Data entries
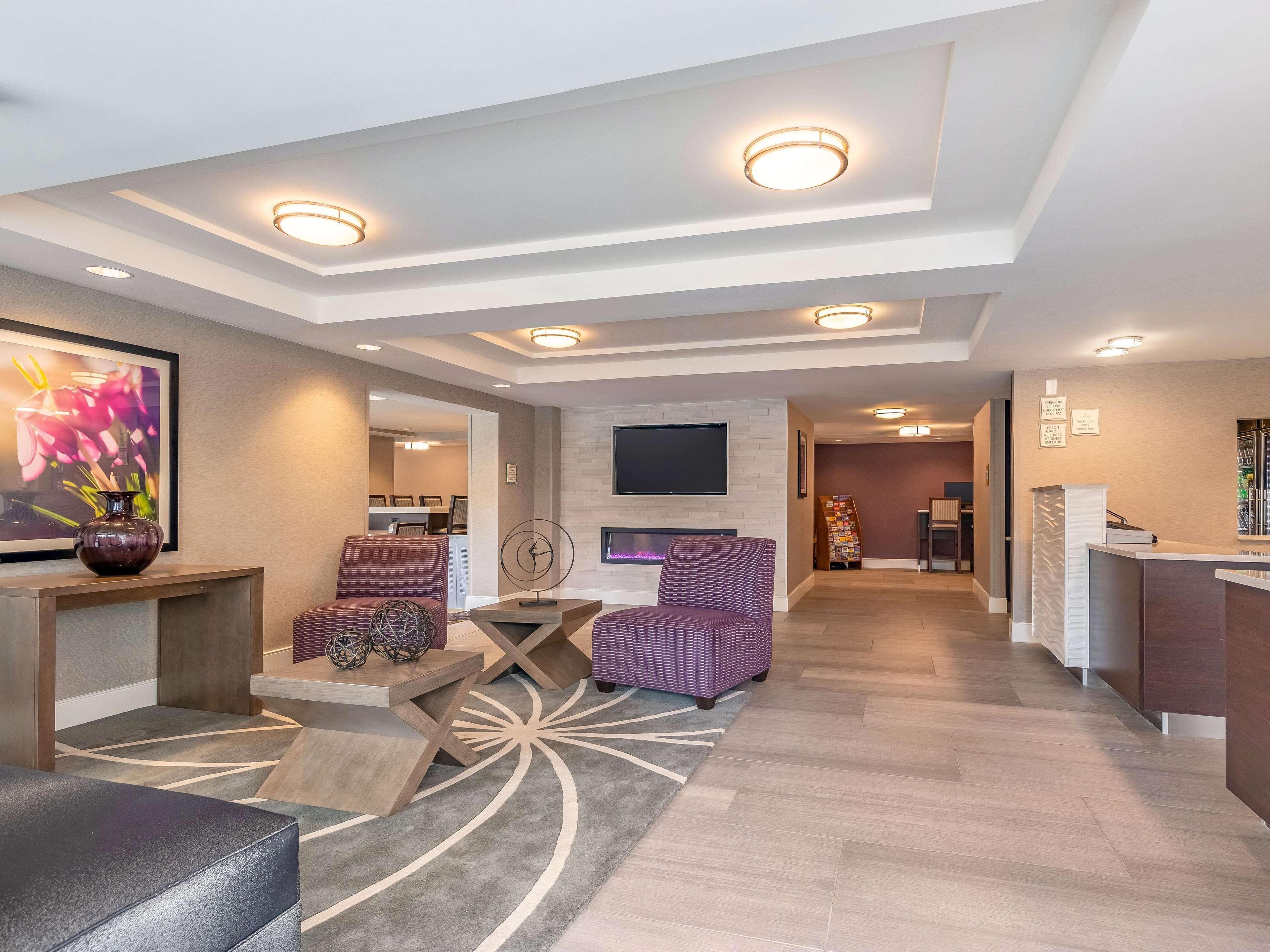 Готель La Quinta By Wyndham Salem Nh Екстер'єр фото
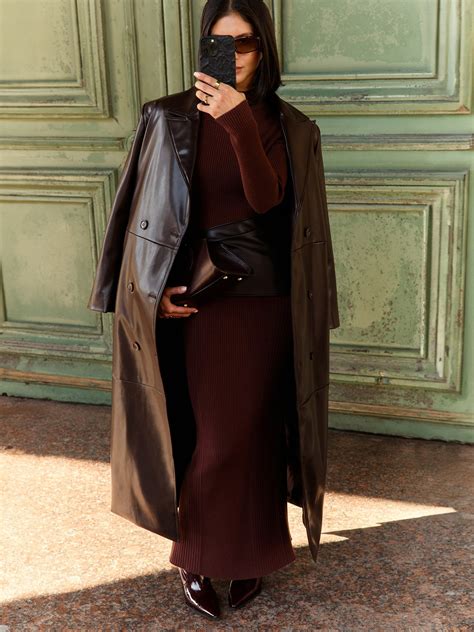 Платье макси в рубчик с высоким воротником :: LICHI - Online fashion store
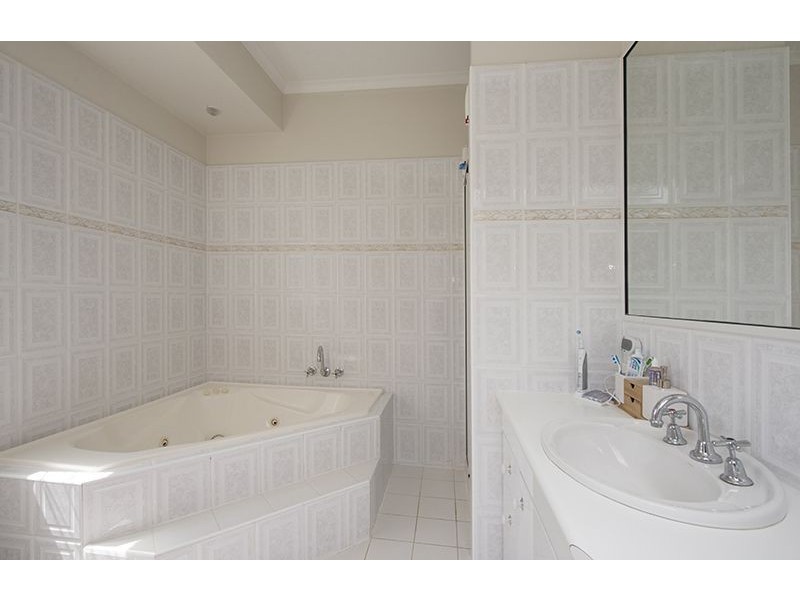 716 Glenlyon Road, Glen Eden QLD 4680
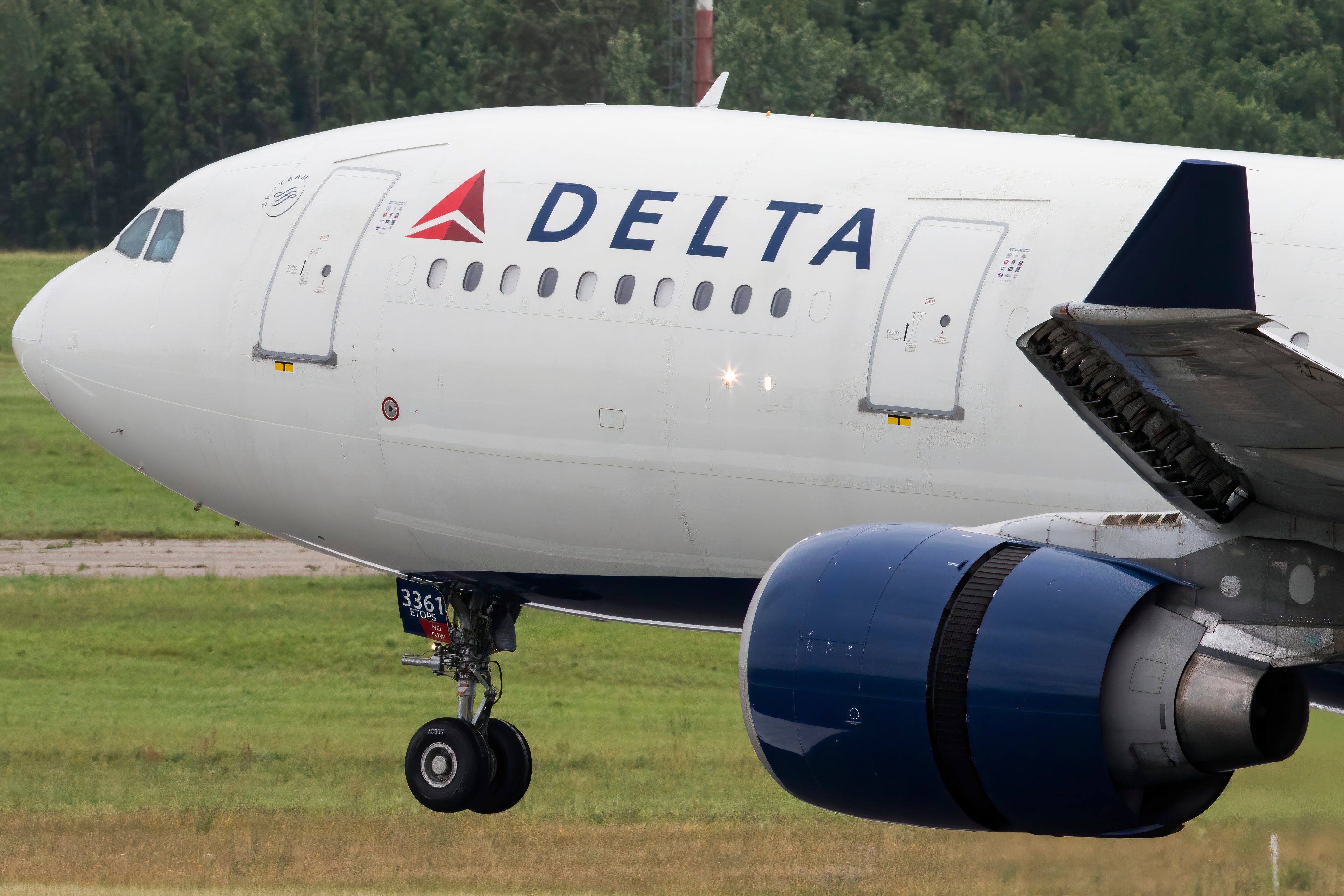 Delta Air Lines Plans 36% More Domestic US Widebody Flights This Summer
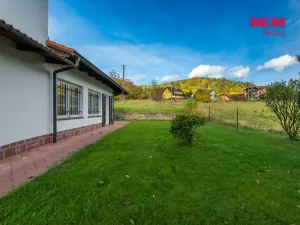 Prodej rodinného domu, Frýdštejn - Sestroňovice, 387 m2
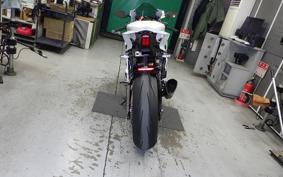 YAMAHA YZF-R6 2019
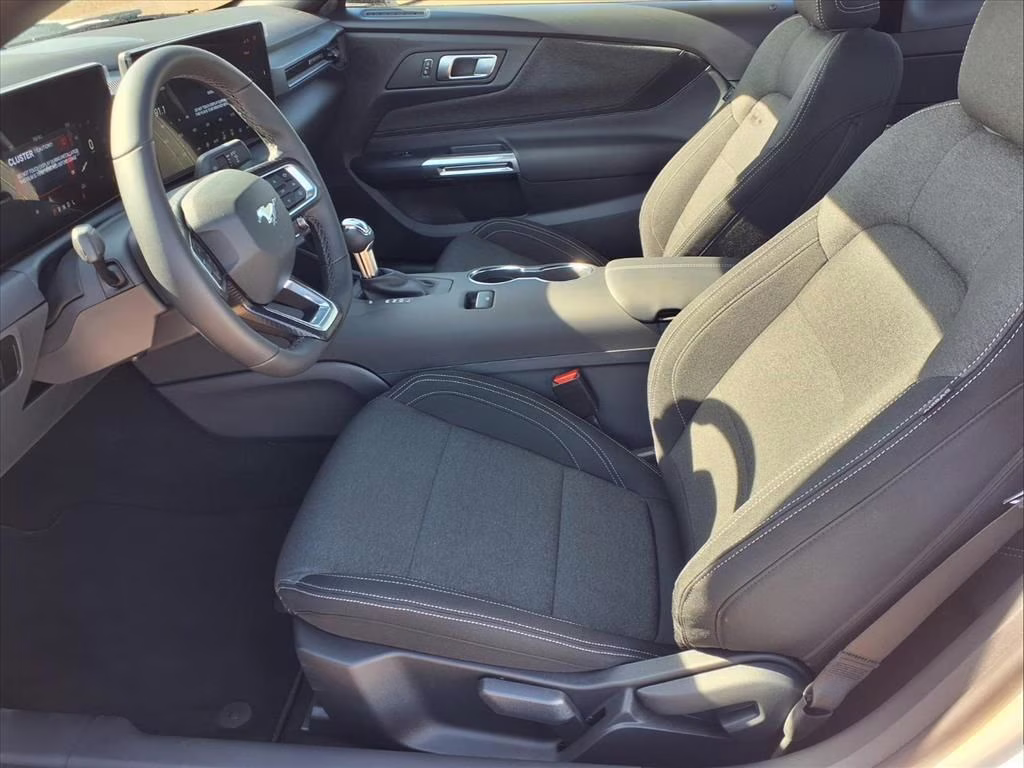 2026 Oxford White Ford Mustang EcoBoost RWD Coupe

_TASK DIRECTIONS_
Reproduce exactly and only the lines from the one with "YAMAHA YZF-R6 2019" through the final line of the records above, inclusive. Pictures must be left out.

_FINISHED EXERCISE_
 YAMAHA YZF-R6 2019
 2026 Oxford White Ford Mustang EcoBoost RWD Coupe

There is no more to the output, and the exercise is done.